**Problem details**
Pictures are not part of the copy. Set down exactly the lines from the one containing "Casablanca Eveil Ancestral" through the last line of the material below.

[Given records Boundary: Start]

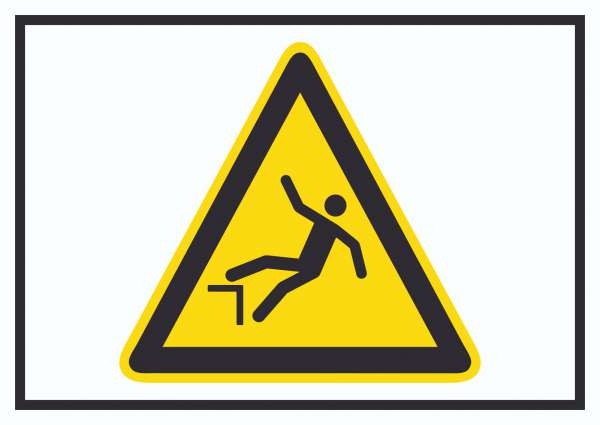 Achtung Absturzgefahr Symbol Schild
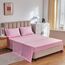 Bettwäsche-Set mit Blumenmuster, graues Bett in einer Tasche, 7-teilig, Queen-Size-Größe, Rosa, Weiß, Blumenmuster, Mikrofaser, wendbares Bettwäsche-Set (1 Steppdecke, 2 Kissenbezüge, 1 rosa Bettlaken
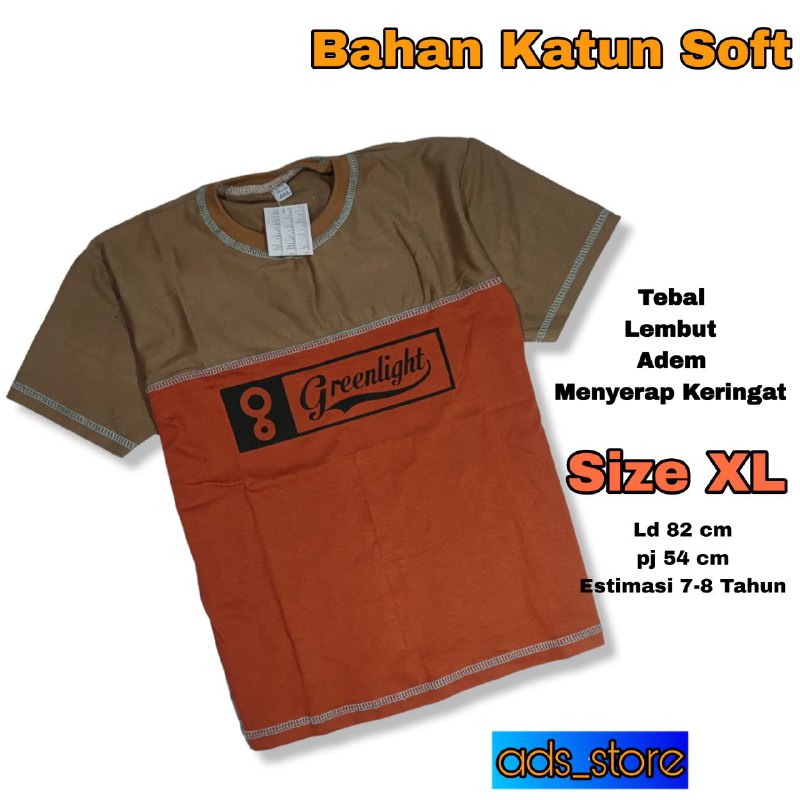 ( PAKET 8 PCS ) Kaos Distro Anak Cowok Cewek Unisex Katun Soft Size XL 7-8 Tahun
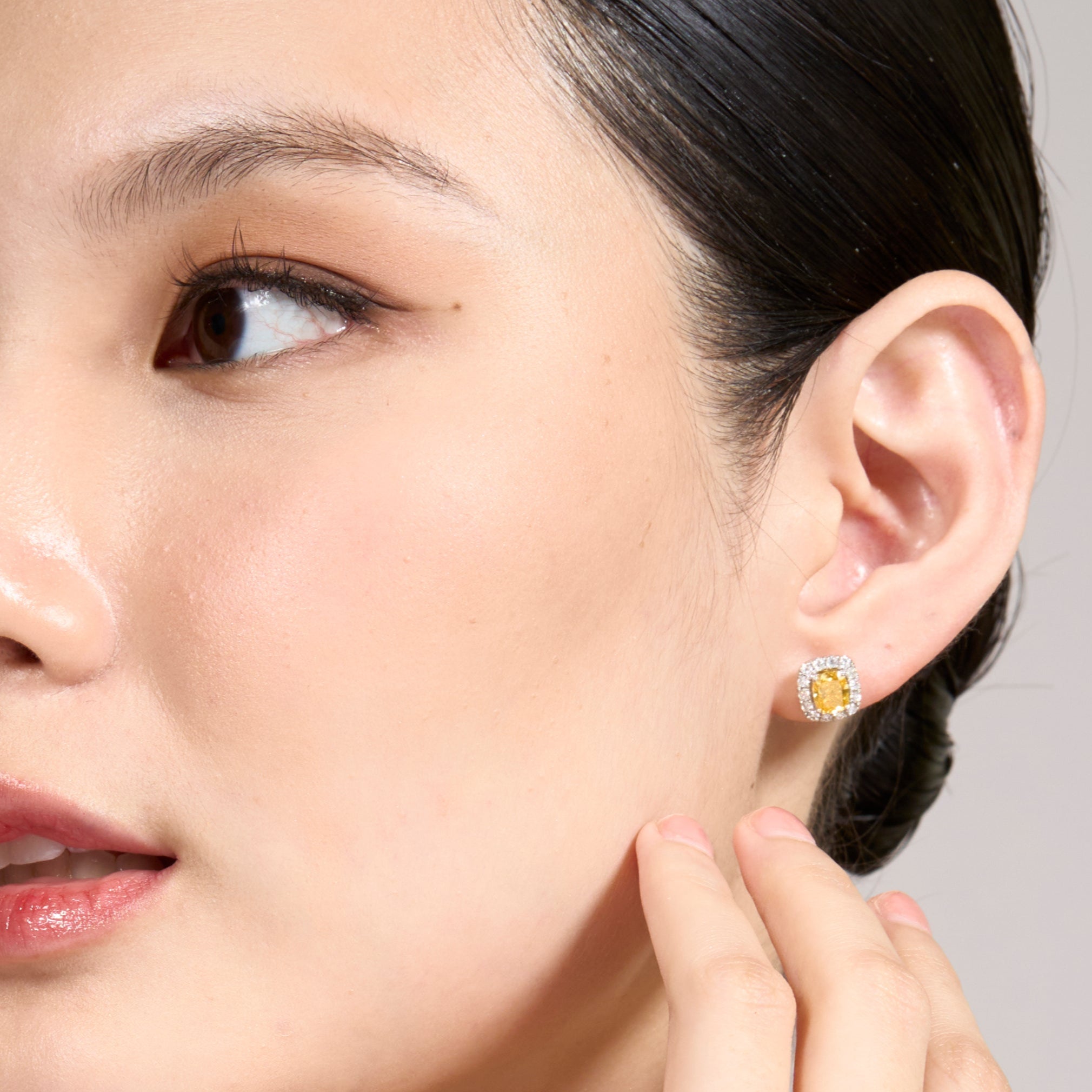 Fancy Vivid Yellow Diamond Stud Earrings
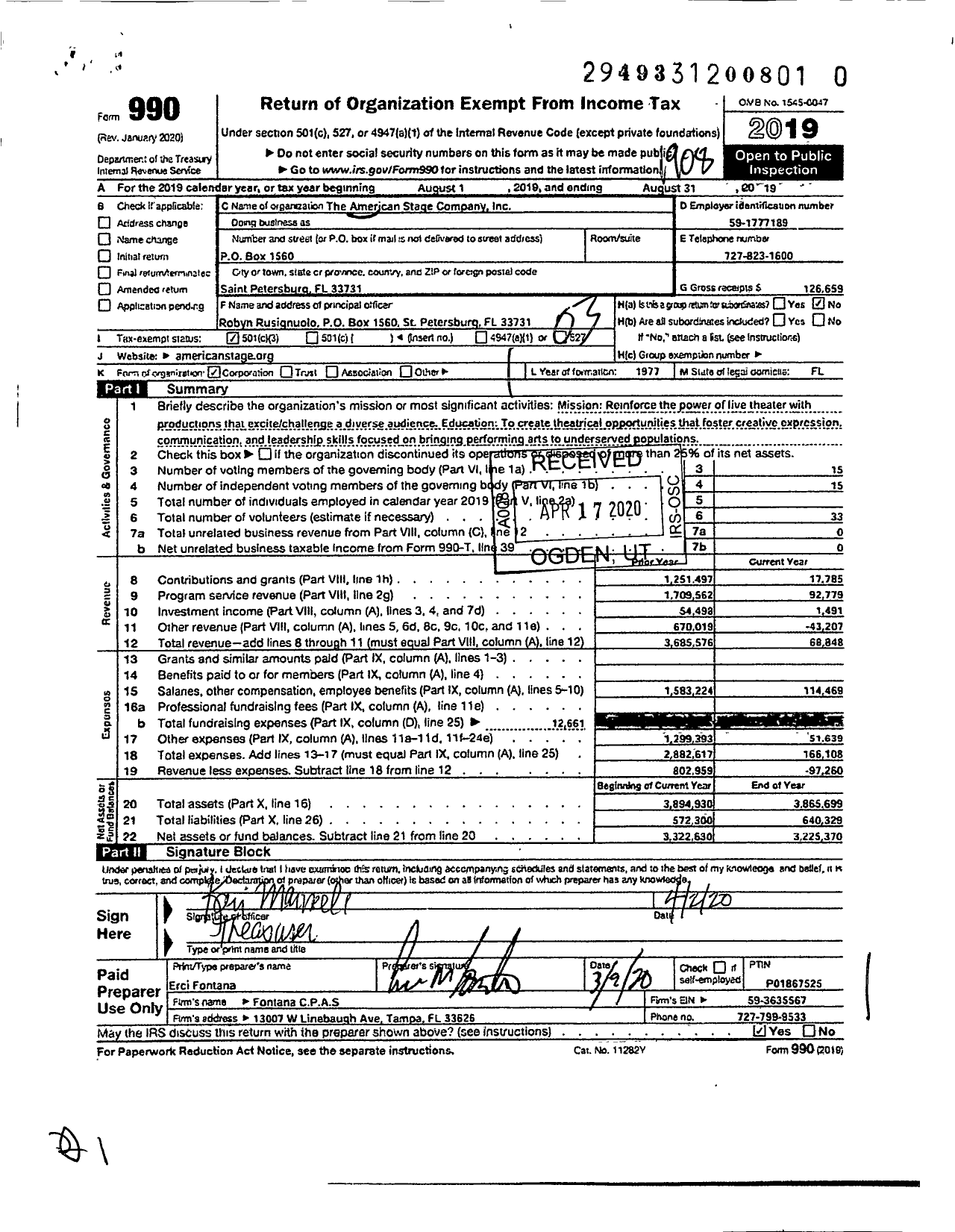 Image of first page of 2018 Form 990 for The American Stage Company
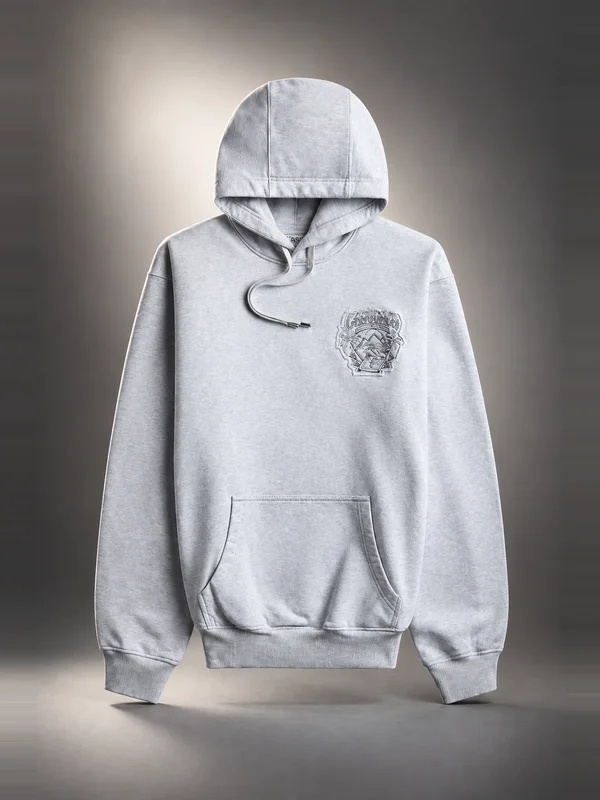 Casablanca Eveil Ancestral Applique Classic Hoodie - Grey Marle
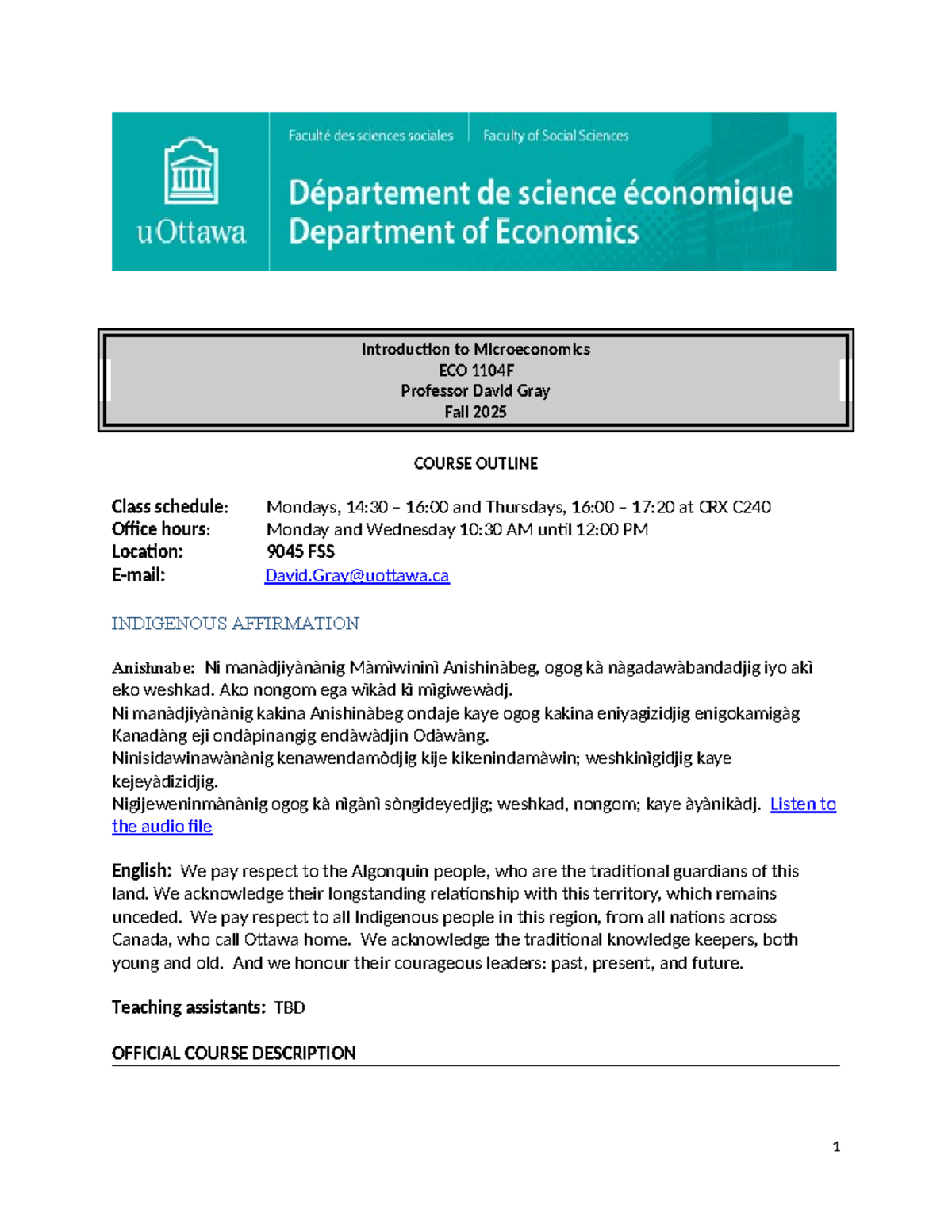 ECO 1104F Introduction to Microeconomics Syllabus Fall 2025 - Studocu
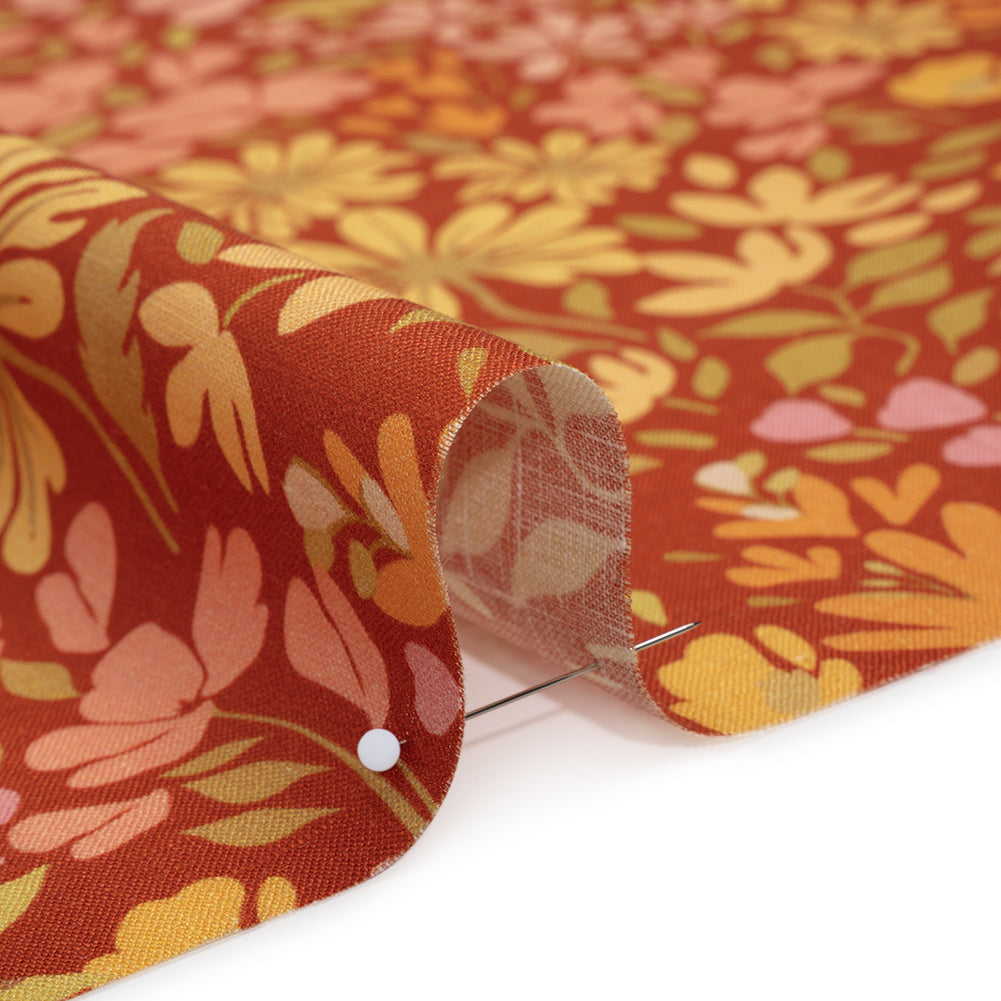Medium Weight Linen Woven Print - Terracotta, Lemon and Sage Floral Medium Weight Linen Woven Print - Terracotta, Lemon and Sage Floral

[Given records Boundary: End]

**Result of the task**
 Casablanca Eveil Ancestral Applique Classic Hoodie - Grey Marle
 ECO 1104F Introduction to Microeconomics Syllabus Fall 2025 - Studocu
Medium Weight Linen Woven Print - Terracotta, Lemon and Sage Floral Medium Weight Linen Woven Print - Terracotta, Lemon and Sage Floral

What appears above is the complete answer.